Transmissions can be initiated from senders (signal) or receivers (poll) and
can be dumb (FTP/HTTP/NFS) or smart (LMirror). Signalling requires some way
for senders to tell receivers to initiate a transmission; polling requires
receivers to check on a regular basis. Both signalling and polling can be
used at once. Mirror sets consist of configuration data and an LMirror managed
collection of metadata which is used by LMirror to perform transmission of
changes.

Definitions
+++++++++++

* Node: A configured mirror set on a machine.

* Dumb protocol: When a transmission is done by accessing the LMirror metadata
  over a simple virtual file system such as FTP/SFTP/plain HTTP, this is
  referred to as using a Dumb protocol. In this mode all the logic executes on
  the receiver.

* Smart protocol: When a transmission is done by making RPC calls from an
  LMirror process running on the receiver to an LMirror process running on the
  sender, this is referred to as using a Smart protocol. The smart protocol
  can eliminate many round trips that occur when using dumb protocols and is
  generally a more efficient way to mirror. In principle different sorts of
  RPC mechanism are supported, but lmirror currently only supports HTTP. The
  ``lmirror serve`` command will start up an HTTP server to serve one or more
  mirror sets.

* Sender: A node which other nodes can receive updates from. By default
  all nodes count as senders for dumb protocols, but specific configuration
  is needed to permit a node to act as a smart sender.

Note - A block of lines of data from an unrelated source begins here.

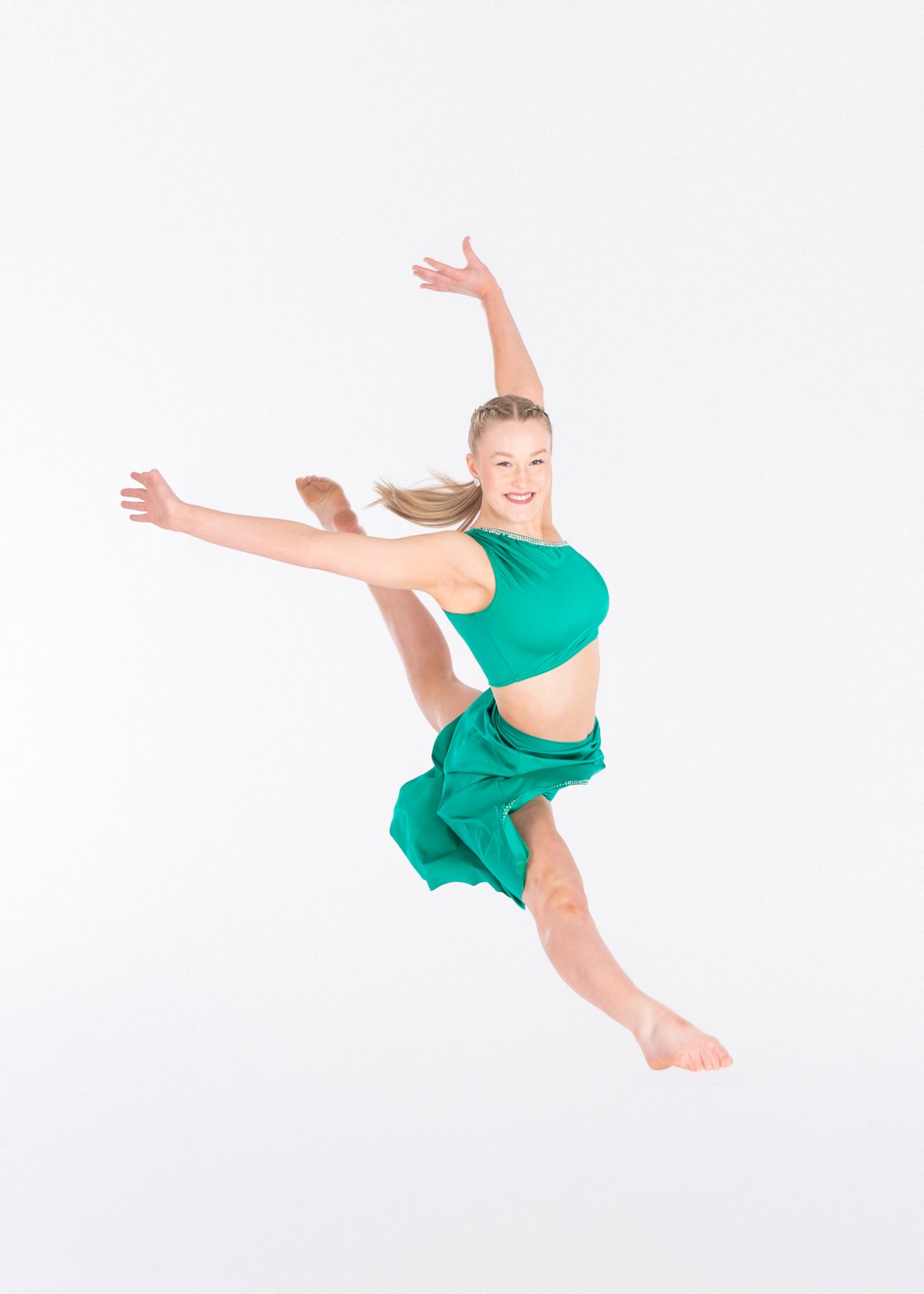 Dancer in emerald green outfit performs a graceful leap with outstretched arms against white background.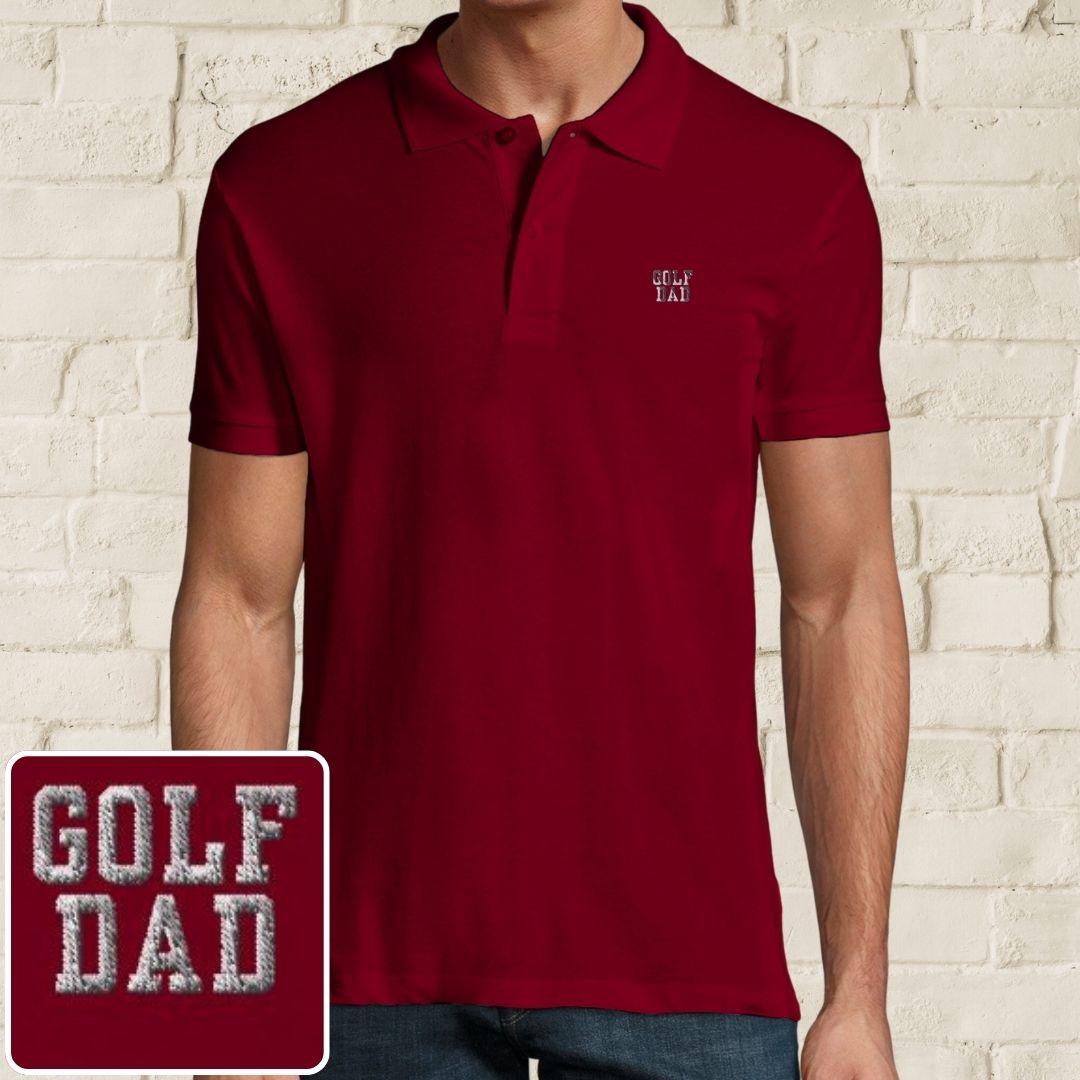 Golf Dad Polo in Maroon on a light wooden floor lying next to headphones and golf shoes.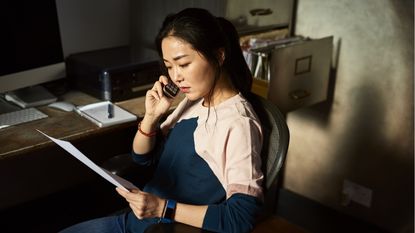 A thoughtful-looking woman looks at paperwork while talking on the phone.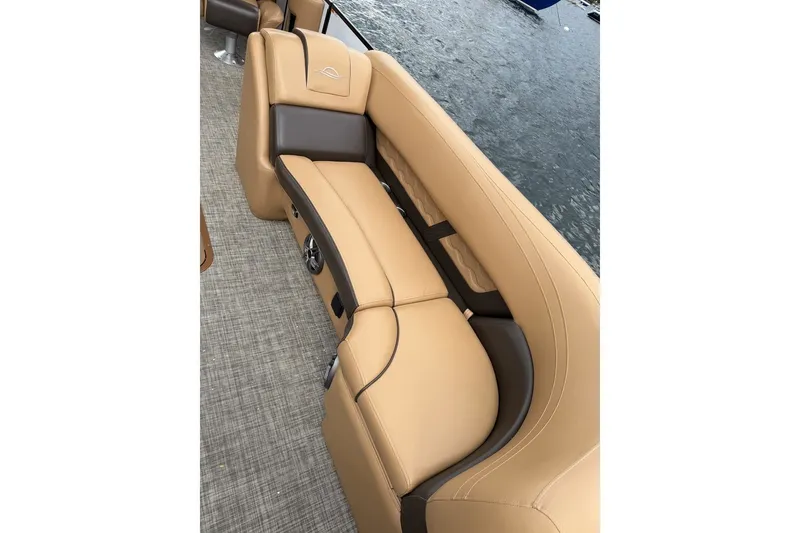 Slide: The Image of Luxurious tan seating on 2025 SunCatcher 324 Rc Fusion boat by the water. - 5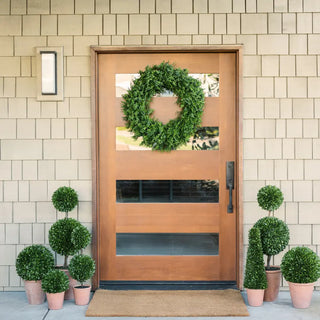 Wooden front door with a wreath, surrounded by potted plants on a tiled wall background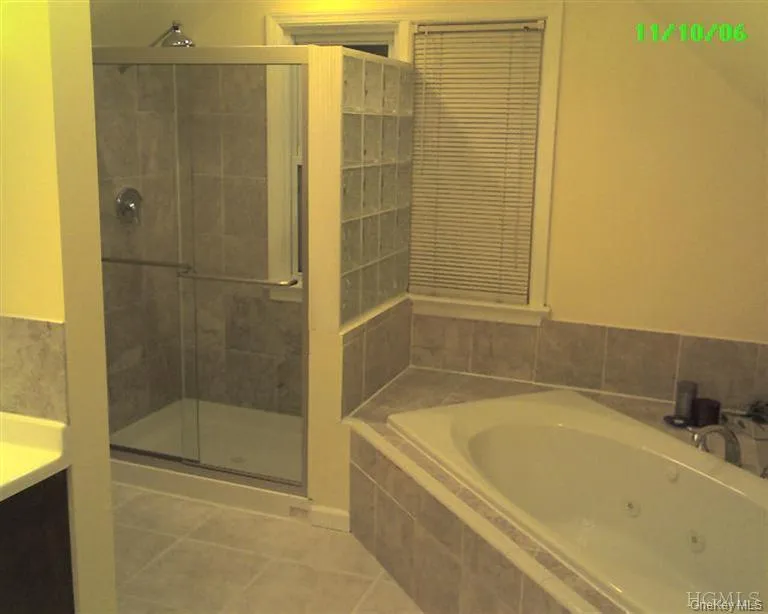 A glass block wall separates the frameless glass shower from the spa tub with marble-surround. Lighting has been upgraded with energy-efficient recessed LED retrofit kits. The private master suite, consisting of the master bedroom and this master bath occupy the entire second floor. A glass block wall separates the frameless glass shower from the spa tub with marble-surround. Lighting has been upgraded with energy-efficient recessed LED retrofit kits. The private master suite, consisting of the master bedroom and this master bath occupy the entire second floor.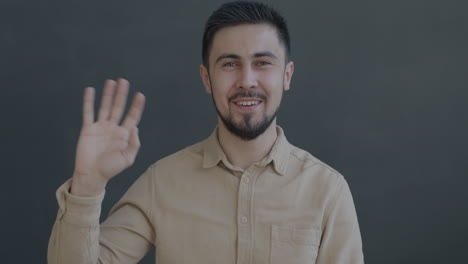 man smiling and greeting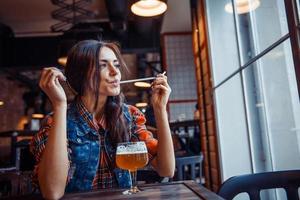 Beer woman enjoying a fresh draft  on cafe. Art processing photo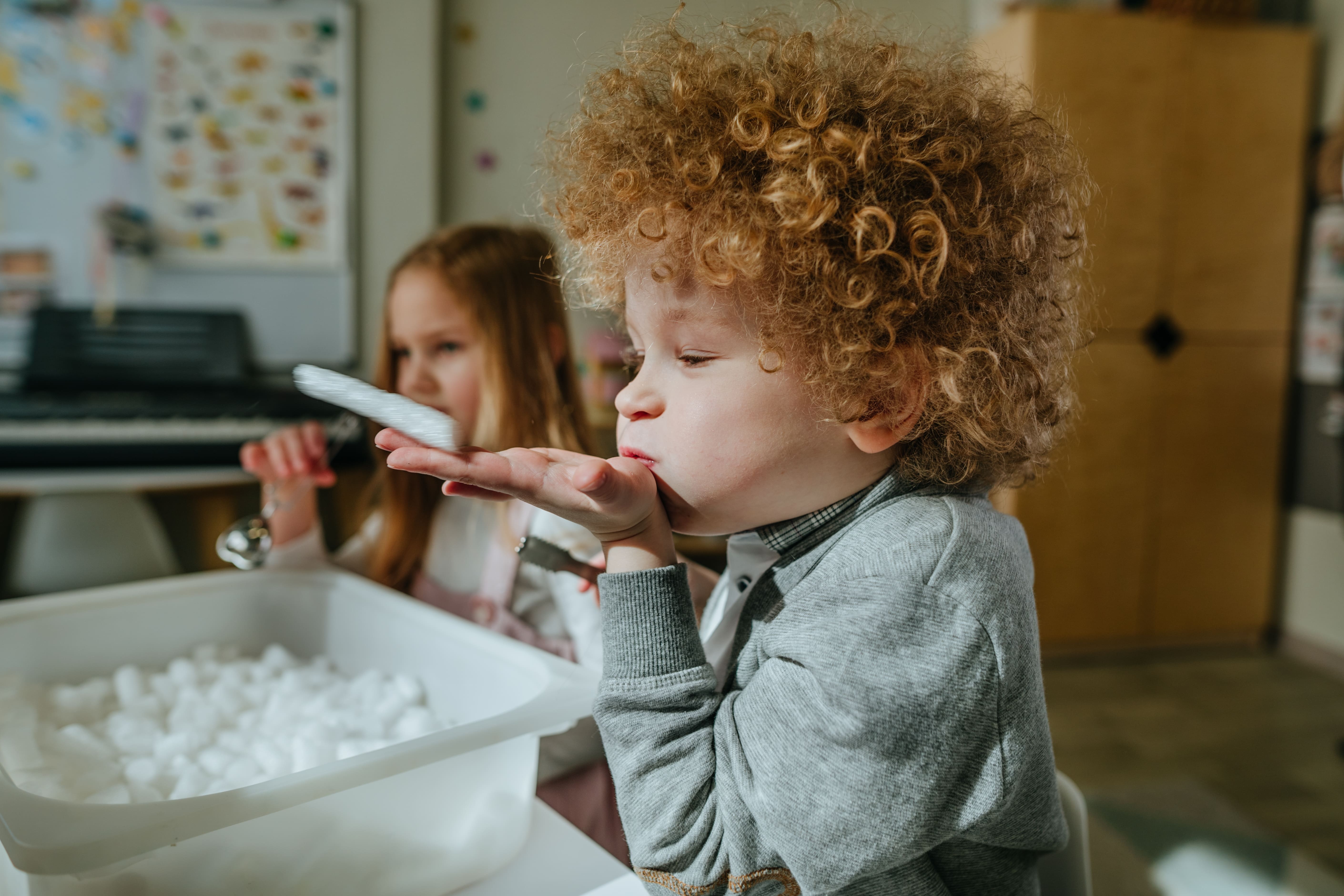 A young child playing with his friends in preschool and enjoying fun activities. 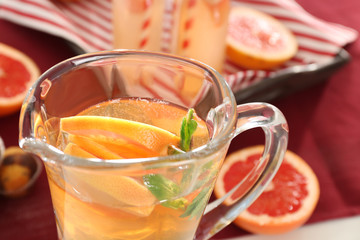 Jug with refreshing lemonade, closeup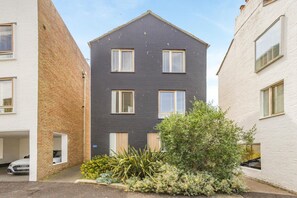 A modern two-story residential building with a dark facade, multiple windows, and a small garden area with various plants. - 2 Bed in Southwold (oc-ftw2) (Southwold)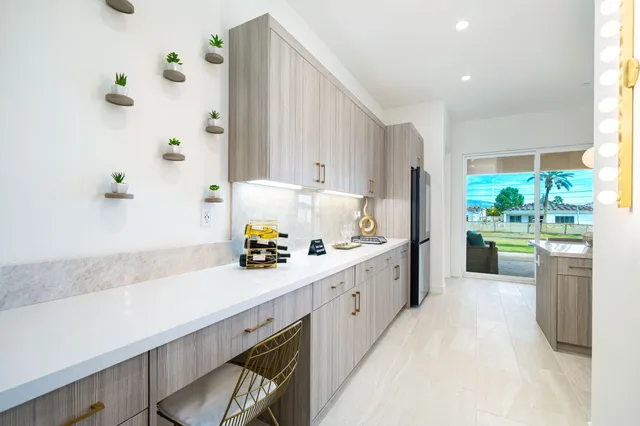 a utility room with sink dryer and washer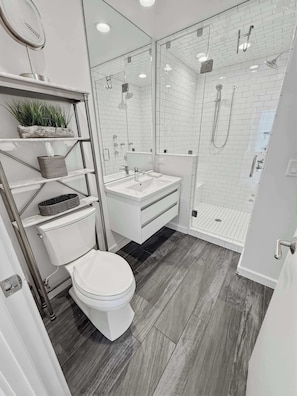Un baño moderno con inodoro, lavamanos y ducha con mampara de vidrio.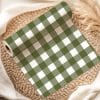 A Roll Of Olive Green And White Gingham Fabric On A Woven Placemat.
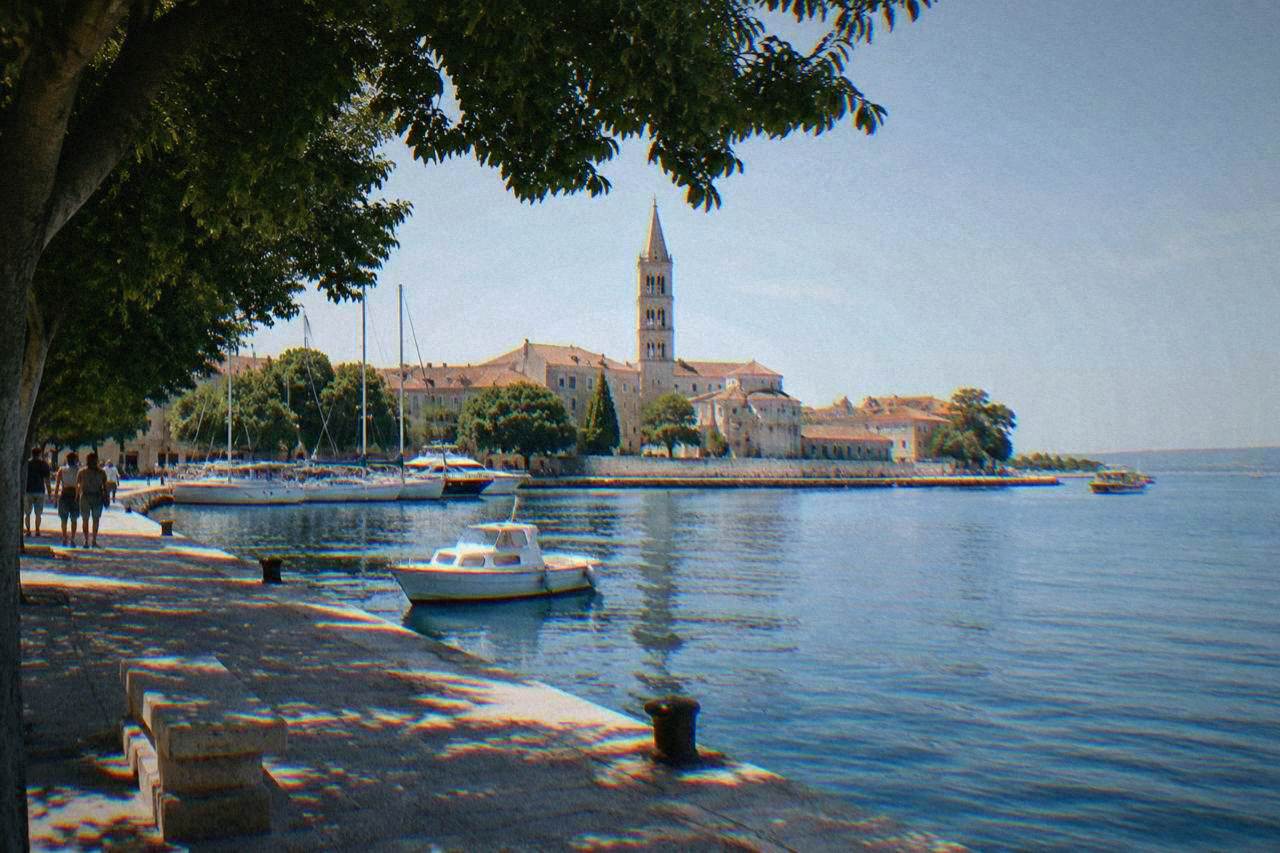 Zadar peninsula and harbour in clear morning light with a bell tower and limestone quay.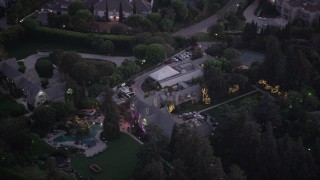 An orbit around The Playboy Mansion at twilight in Los Angeles, California Aerial Stock Footage | AX69_064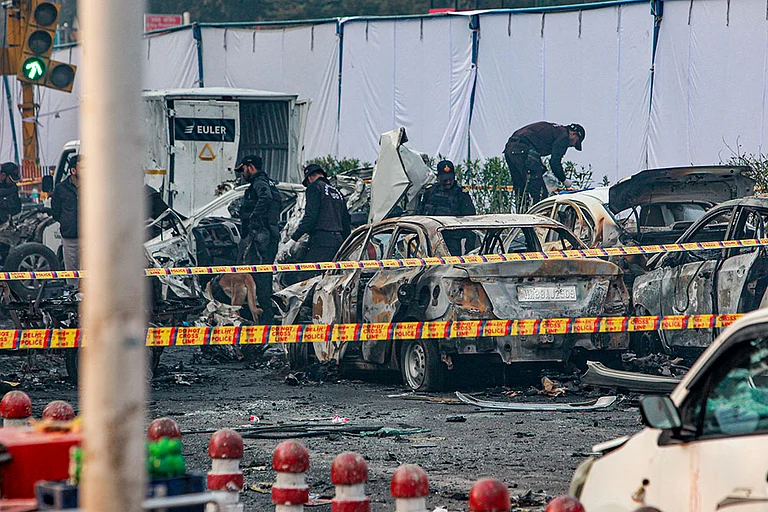 Charred remains of vehicles at a cordoned off area following a blast that occurred near Red Fort Metro Station on Monday, killing at least nine people and gutting several vehicles, in New Delhi. - | Photo: PTI
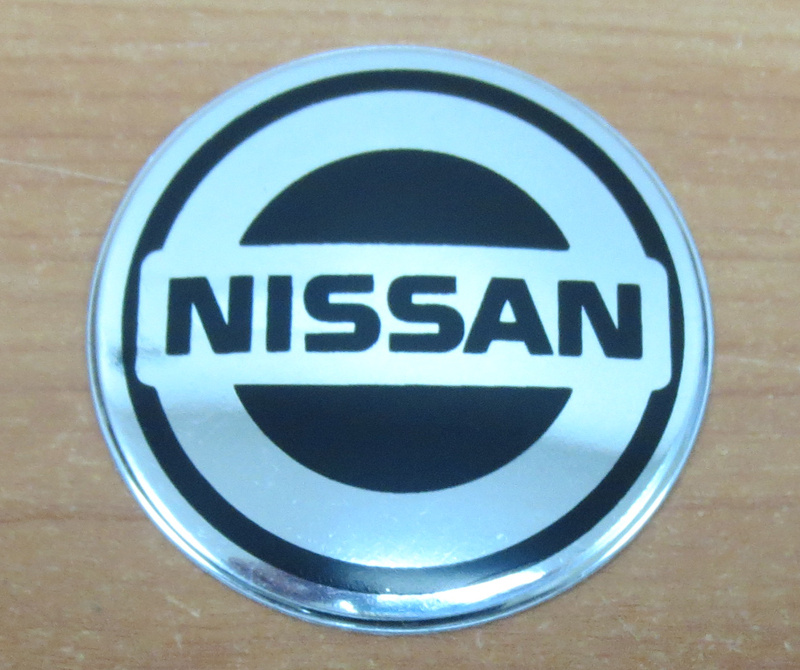 Наклейка "Nissan" (диаметр 70мм.) на автомобильные колпаки, диски, компл. 4шт.  #1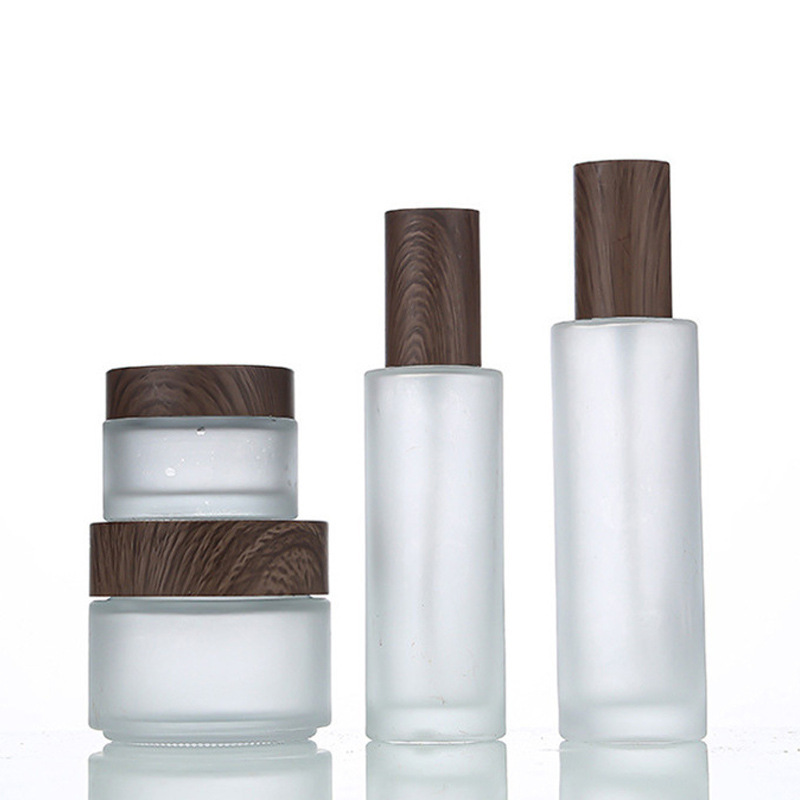 100ml 120ml Frosted Glass Serum Bottle Round Cosmetic Packaging with Press Pump for Body Lotion Sealed by Pump Sayer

* Mirror set: A collection of files and directories to mirror. The definition
  for a mirror set is stored in a .lmirror/sets/<name> directory typically
  located at the top directory of the set. The definition for a mirror set
  includes what directories and files to mirror, ordering constraints to use
  when copying those files. The metadata that LMirror creates for a mirror set
  is stored in .lmirror/metadata/<name>. This is usually adjacent to the set
  definition but does not need to be.

* Root node: The one (there must be one, and only one) node in a LMirror
  network that is not configured to receive from any other nodes. This node
  is the 'master' that introduces all changes to the network. Any node in the
  network that has at least all the changes present on any other node can be
  take over the root role at any point: there is no unique data on the root.

* Transmission: The act of copying new changes from a sender to a receiver,
  including updating of the metadata on the receiver to record that the
  transmission has happened.

* Signal trigger: Using a signal from the sender to trigger receivers to
  perform a transmission. Signals can be anything which arranges for the
  receiver to initiate a transmission: they can in principle include:

  * email

  * xmpp

  * ssh

  * ...

  Currently LMirror has no built in signalling facility.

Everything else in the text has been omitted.